Shakespeare was right to create new words for the English language. Lacking adequate description, our words are hopelessly vague. One of our laziest representations is the word “can’t.” In the French language, there are two words to our one. Pouvoir is the direct translation you would receive from a dictionary for our word “can.” Conjugated, I can becomes je peux. I can’t becomes je ne peux pas.
However, live in France and you would find that this verb is rarely used. The direct translation of “I can’t” is reserved for things that are physically impossible, instances that truly cannot be. It is not watered down or weak, it is for direct situations where there is a physical impossibility. All other times, the verb arriver is used or another weaker form of expression. A child cries over too difficult homework, je n’arrive pas. Can’t get a jar open, je n’arrive pas. Can’t find a pencil, je n’arrive pas. Can’t understand something, je n’arrive pas de comprendre. Or, in place of a lesser form of can’t, they simply use don’t. Instead of saying “I can’t find a pencil,” they would use, “I’m not finding a pencil.” Or “I can’t understand,” becomes “I don’t understand” or “I’m not understanding.” Their form of “can’t” is reserved for specific situations. When you truly use “I can’t” or “je ne peux pas,” it means something.
Our “can’t” has lost its value. So much of our use of “I can’t” is a replacement of “I won’t.”
- “I can’t go tonight.”
- “I can’t be bothered with this.”
- “I just can’t put up this, I’m done.”
- “I can’t see why anyone would do that.”
- “I can’t stand that music.”
- “I can’t see them now, I don’t want to deal with it.”
With Aspergers, when you use “I can’t,” it doesn’t mean “I won’t.” It literally means “I can’t.” It means there are triggers and overwhelming stimuli making this utterly unbearable and unfeasible.
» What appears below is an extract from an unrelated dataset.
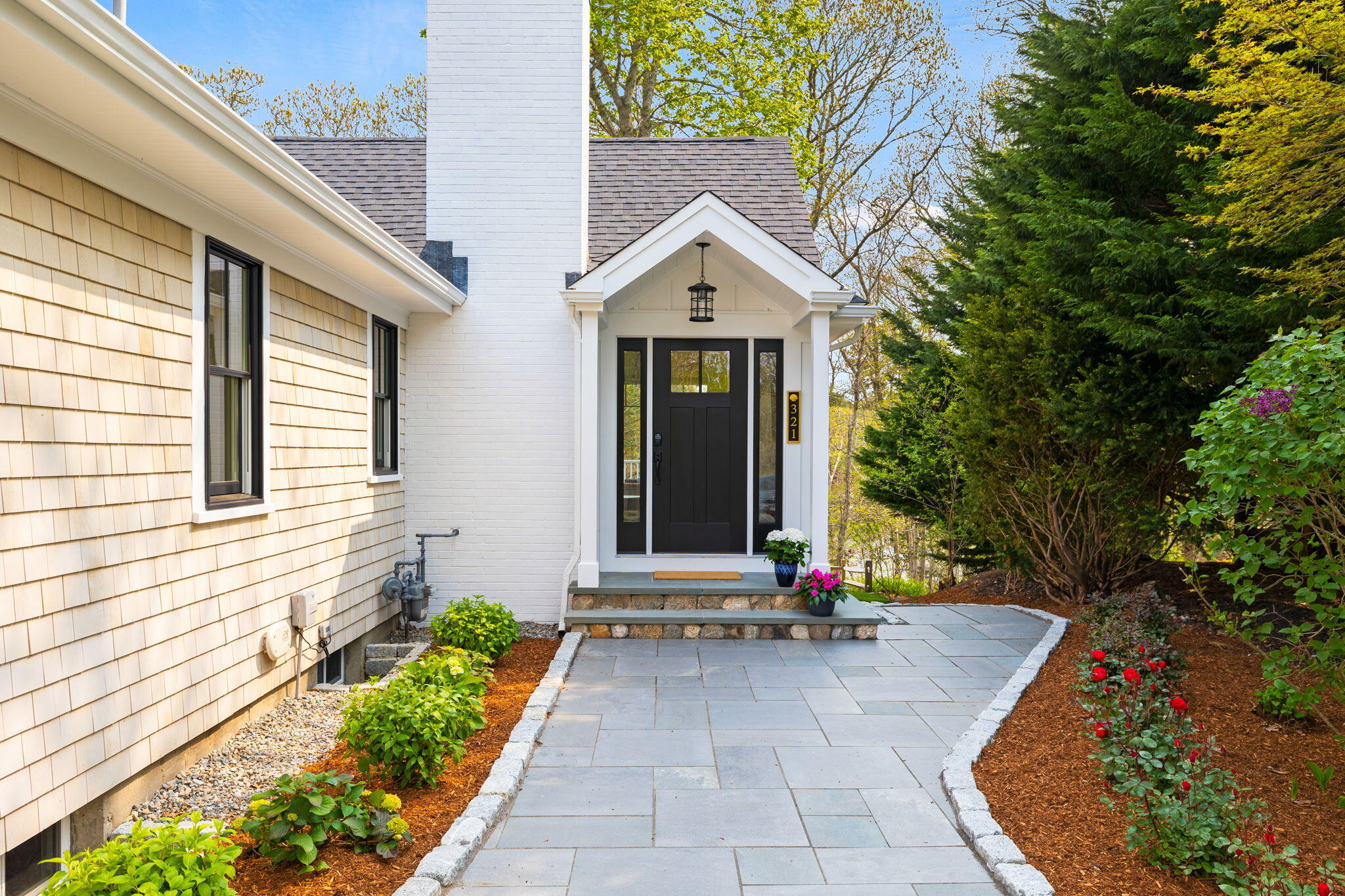 321 Tower Hill Road Osterville, MA 02655 - Photo 32 of 38 a view of a house with potted plants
Most likely, yes, I could physically do and complete these tasks. But I’m weighing the psychological costs that I carry afterward in the form of meltdowns and inescapable triggers, the level of extreme stress I will endure during those moments, and the added challenges I face making what is so simple and nonchalant to someone else, Mount Everest to me.
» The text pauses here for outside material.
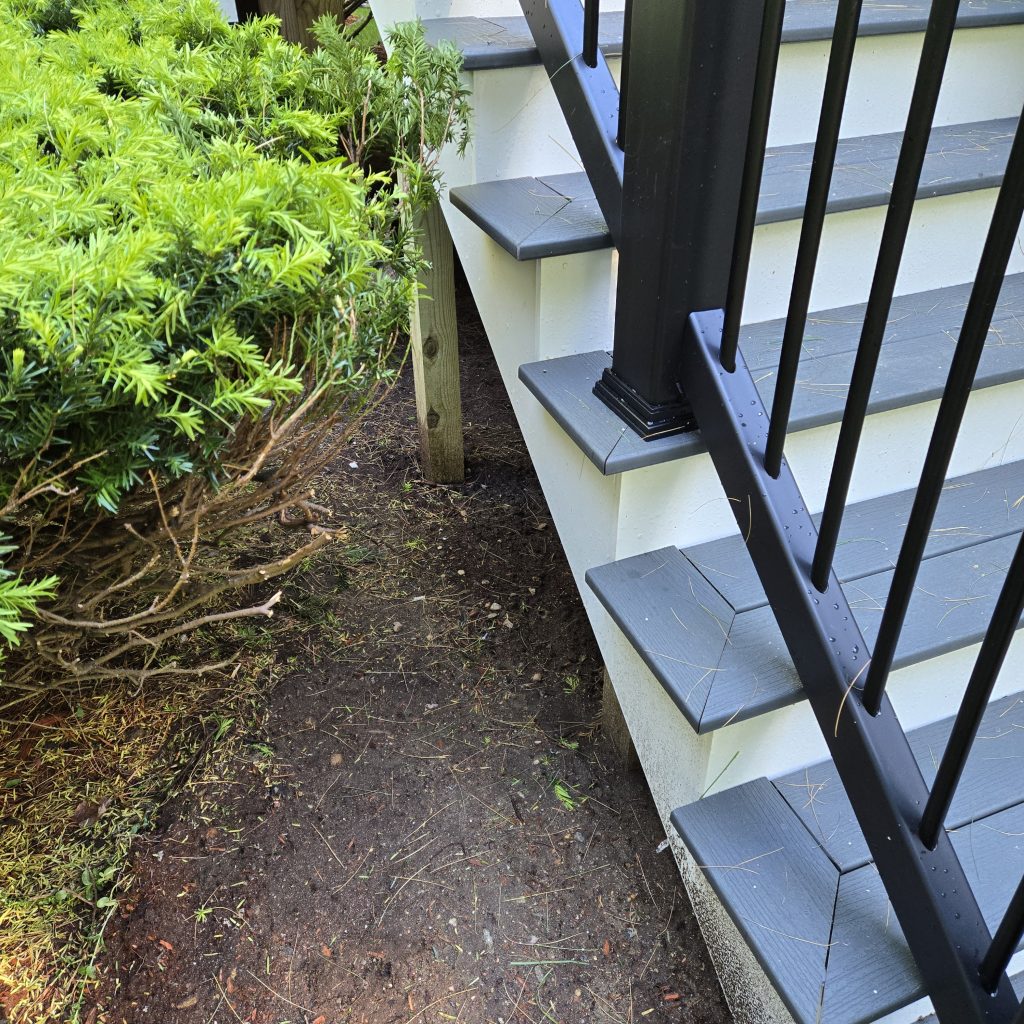lose-up view of newly installed gray composite deck stair treads with white risers and modern black metal safety balusters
But often when I say, “I can’t,” even to my friends who know me the closest, even to my friend who understands Aspergers, I am taken aback by what those two words still seem to communicate. I am taken aback at how it is still interpreted like a choice—like I am being lazy, negative, uncooperative, irresponsible, or stupid. What is not communicated is that I may agree with them, I may know that is the reasonable option, I may likely even want to do that thing because I understand it is best, I may want the benefits from it, I may have thought it a billion times over in my head, but all of this is entirely trumped, entirely overpowered by something beyond my control making this prospect morbidly unbearable down to my very bones.
Understand that my can’t is not the same as your can’t. My situations are not the same as your situations. My perspective is not the same as your perspective. Understand that I don’t want it to be this way. I don’t want to not be able to do things that I know benefit me and others. I don’t want to be stuck, halted, hiding from triggers, seeking an escape in my mind. Just understand that when I say, “I can’t,” it’s not to be taken lightly. It’s not to be shrugged off. It’s not to be a source of frustration. Just understand that if I could, I would.
So what to do, though? Respect that I really mean and feel like I can’t. Validate that there is something making it harder for me. Try to understand. Maybe even talk to me about why I feel that way, what is making me believe that this is an unbearable impossibility. Maybe even discuss ways to lighten the load. You can support and convince me; there’s been times where I’ve said and believed I couldn’t and it turned out to not be so bad. But just don’t pressure me or make me feel anything negative such as disappointment or frustration from your side. Chances are I already feel bad enough and pretty stressed. What I need from you is love, understanding, validation, and support. Love goes a long way.